─── Data excerpts ───

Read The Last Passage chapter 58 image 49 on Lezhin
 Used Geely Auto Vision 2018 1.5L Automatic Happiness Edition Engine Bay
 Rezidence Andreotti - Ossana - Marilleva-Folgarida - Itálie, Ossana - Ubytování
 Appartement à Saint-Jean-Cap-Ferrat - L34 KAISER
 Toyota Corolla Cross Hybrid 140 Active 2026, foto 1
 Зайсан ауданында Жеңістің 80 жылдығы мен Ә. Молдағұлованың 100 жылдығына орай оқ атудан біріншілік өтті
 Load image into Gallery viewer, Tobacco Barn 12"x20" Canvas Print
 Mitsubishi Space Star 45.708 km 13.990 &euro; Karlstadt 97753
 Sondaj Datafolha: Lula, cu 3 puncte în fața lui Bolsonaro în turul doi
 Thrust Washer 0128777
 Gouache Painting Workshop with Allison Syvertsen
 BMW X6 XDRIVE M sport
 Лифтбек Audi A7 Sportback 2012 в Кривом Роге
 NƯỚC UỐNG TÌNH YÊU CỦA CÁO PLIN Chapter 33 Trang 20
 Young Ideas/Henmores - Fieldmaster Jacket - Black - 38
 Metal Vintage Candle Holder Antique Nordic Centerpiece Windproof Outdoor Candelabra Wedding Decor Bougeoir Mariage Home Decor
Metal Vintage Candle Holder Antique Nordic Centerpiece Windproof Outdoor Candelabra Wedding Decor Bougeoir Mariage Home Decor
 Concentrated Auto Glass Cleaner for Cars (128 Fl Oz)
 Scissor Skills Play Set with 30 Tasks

───

_What you are asked to do_
Each line in the records above that contains the word "Bougeoir" must be copied.

_Answer space_
 Metal Vintage Candle Holder Antique Nordic Centerpiece Windproof Outdoor Candelabra Wedding Decor Bougeoir Mariage Home Decor
Metal Vintage Candle Holder Antique Nordic Centerpiece Windproof Outdoor Candelabra Wedding Decor Bougeoir Mariage Home Decor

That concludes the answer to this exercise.